Kent County reported business growth of 4.8 percent and GDP growth of $1.82 billion, with 7.4 new building permits per 1,000 homes and $1,760 municipal bonds per capita. Kent County has boasted a Triple-A bond rating from Moody’s for 18 consecutive years.

Jennifer Owens, president of Zeeland-based economic development agency Lakeshore Advantage, said the survey is further proof of Ottawa County’s roaring economy.

“One of the things I liked about this study in particular is that it’s not just about money being spent in the private sector, it’s a combination of private and public investments that drove our high ranking,” she said. “One of the powerhouses of our economy is that we have very strong government leaders that have invested municipal dollars, so that we can continue to have robust economies.”

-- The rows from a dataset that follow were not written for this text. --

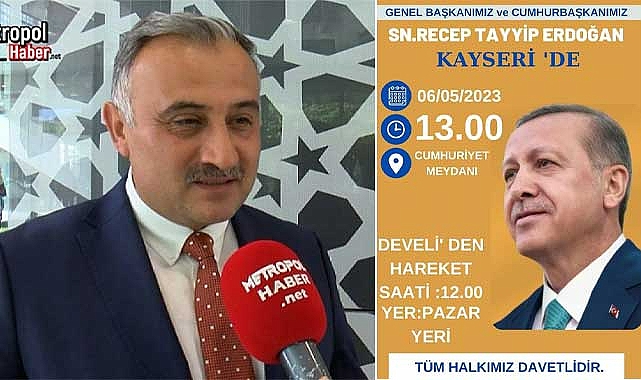 Büyük Buluşmaya Saatler Kaldı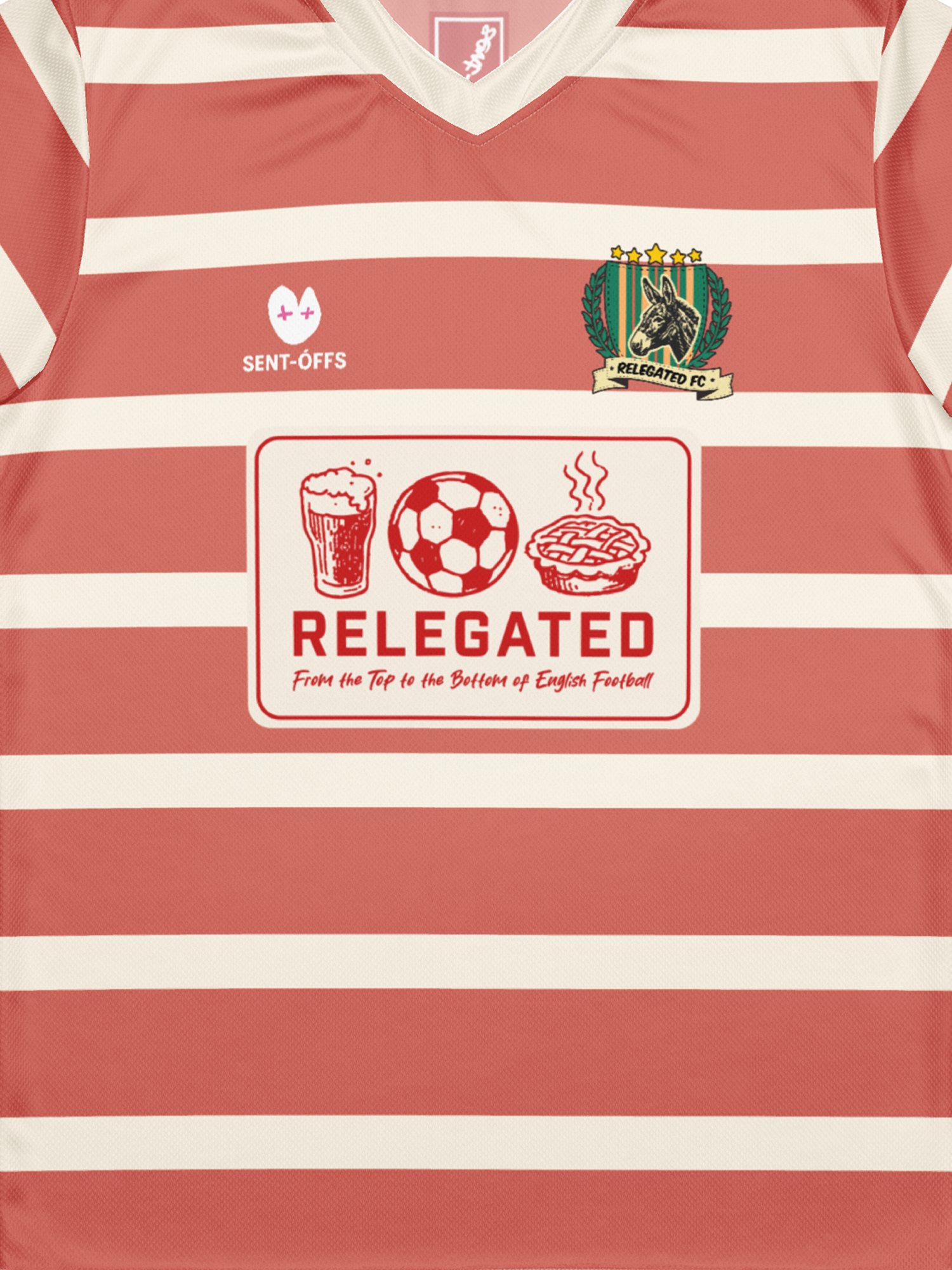 Relegated FC Away Jersey product image (3)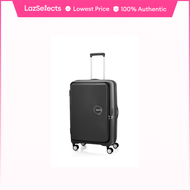 American Tourister Wheeled Suitcase (28 Inches) Expandable, Model Curio Book Open Spinner 75/28 Exp 
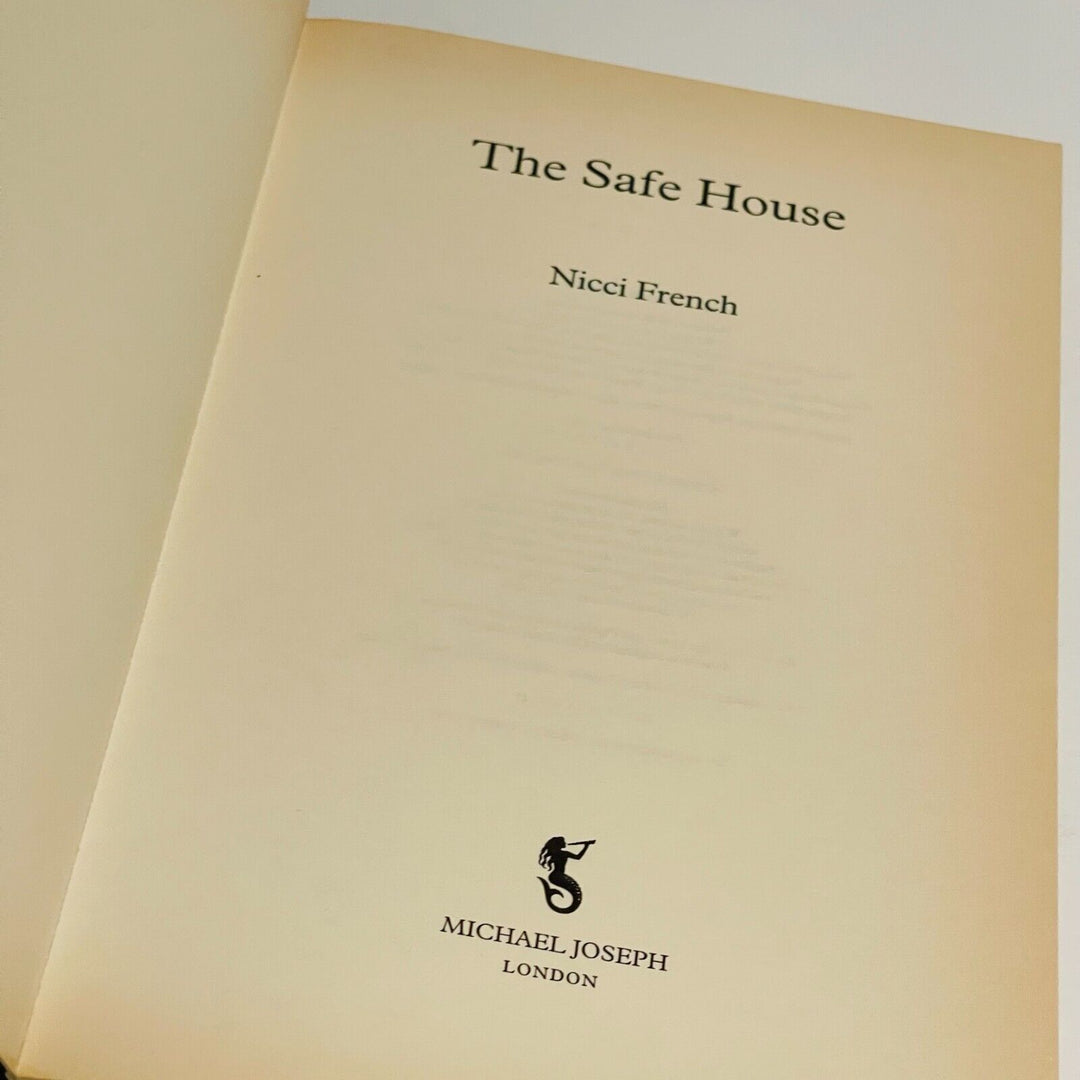 The Safe House - Miss Holley Emma's Bookroom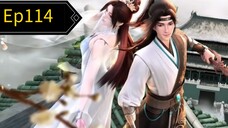 Ancient Supremacy Eps114 Sub Indo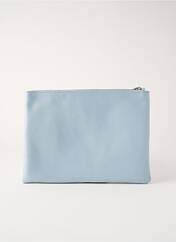 Pochette bleu clair ANNA VIRGILI pour femme seconde vue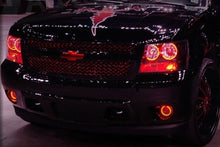 Load image into Gallery viewer, Oracle LED Headlight Halo Kit Chevy Avalanche (2007-2014) Multicolored - White Alternate Image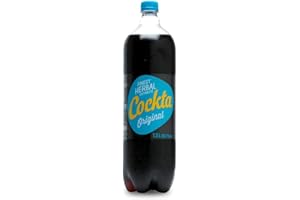 SORINA 4 Bottiglie di Cocktail l'originale dalla Croazia non alcolica (Cockta ORIGINAL, 1,5 l)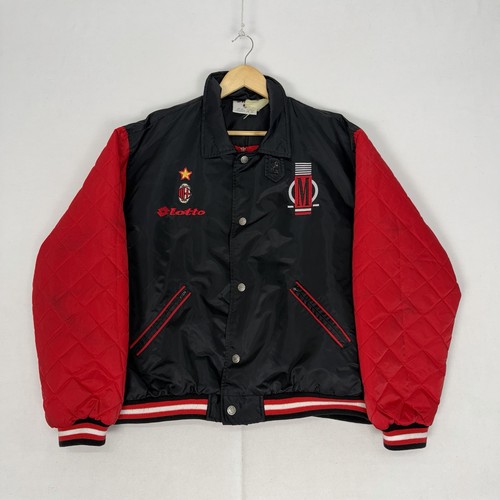 Lotto milan bomber giacca - lotto, ac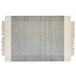 Beliani Pelos curtos TATLISU 160x230 Branco/ Bege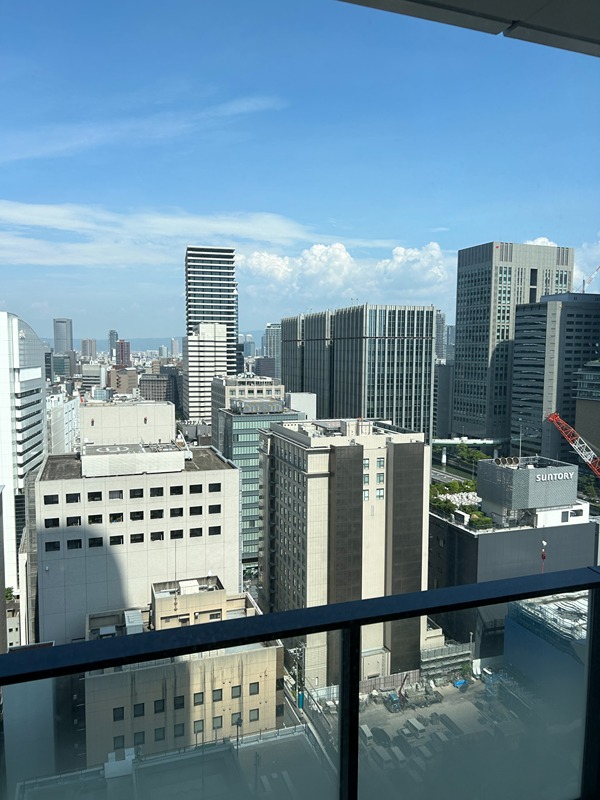 BrilliaTower堂島 建物プラン例（内観写真）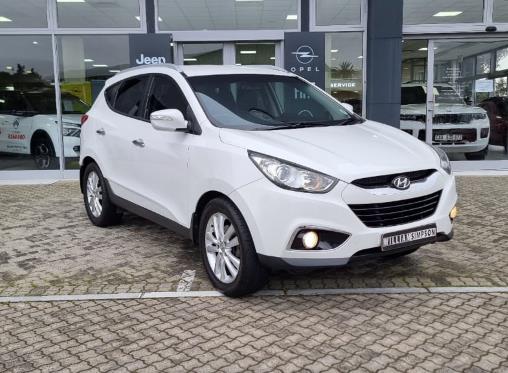 2013 Hyundai ix35 2.0 Executive Auto for sale - U3478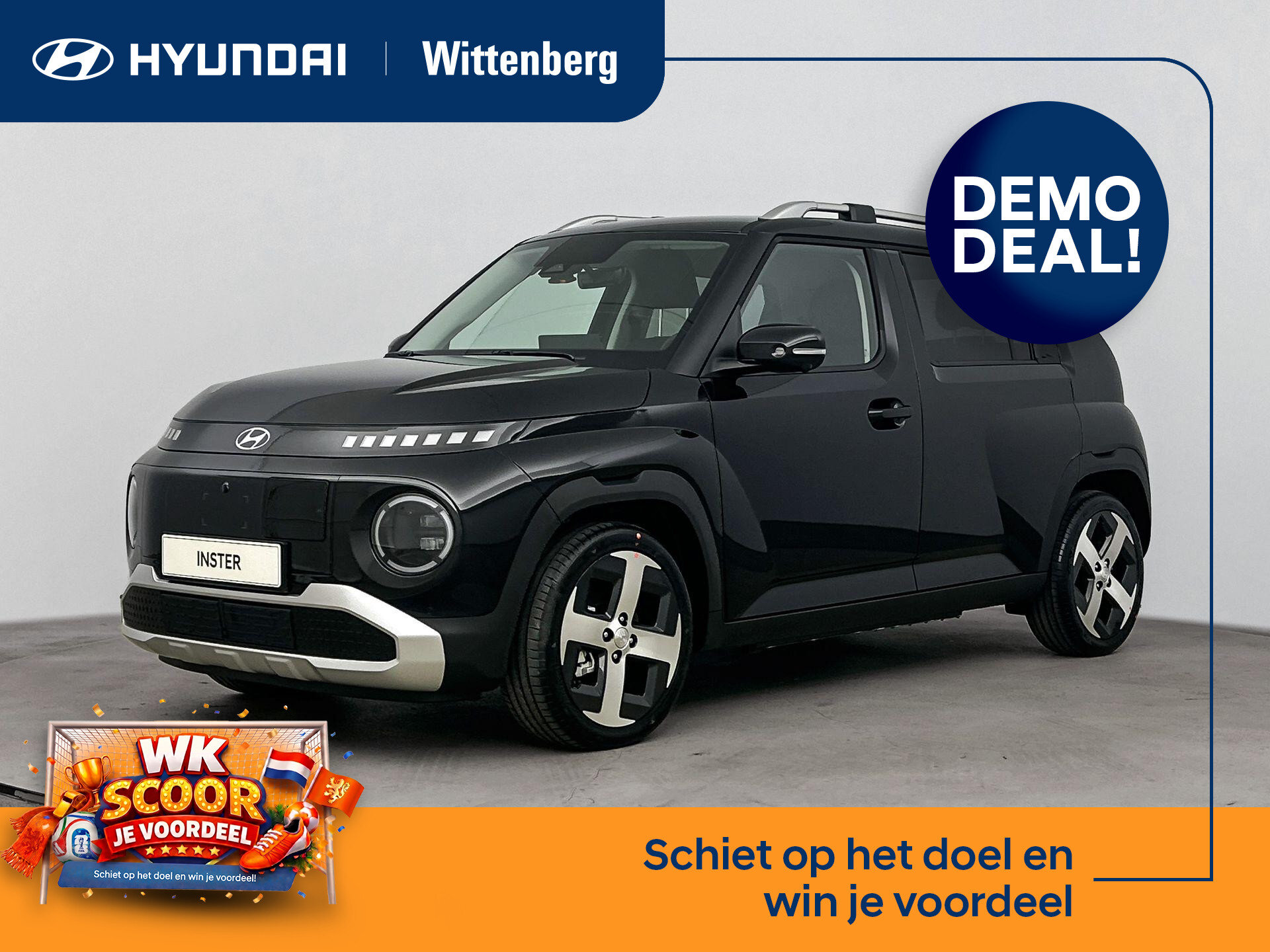 Hyundai Inster Evolve 49 kWh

Owens also cited Ottawa County’s six-year streak of receiving an Aaa bond rating by Moody’s as further evidence of the region’s strong partnership between public and private financing and noted the amount of interplay between the two is quite unique. Ottawa’s municipal bonds per capita are more than twice as high as the national average, which SmartAsset reported are $2,790.

“I’ve worked in different communities throughout the state and never have I seen such collaboration between public and private leaders to invest back into the community,” she said.

Private investments, such as Johnson Controls Inc.’s support for revitalizing downtown Holland, and public investments, such as the Holland Board of Public Works’ construction of the Holland Energy Park, are prime examples of that dynamic, Owens added.

With about 30 percent of the region’s private sector workforce in the manufacturing industry, the economic health of Ottawa County long has been tied to the vibrancy of that industry. And as the county continues to create, build and develop products, West Michigan residents can expect to see a continuance of that growth.

“I certainly feel very proud to see that growth, and I know it’s taken a lot of work to get to this point,” Owens said. “But we can’t rest on our laurels, because there continues to be a number of areas where we can improve. We’re a great investment, but we also have a very strong need to attract talent. So in some ways, this is a challenge for us to maintain this prominence and growth.”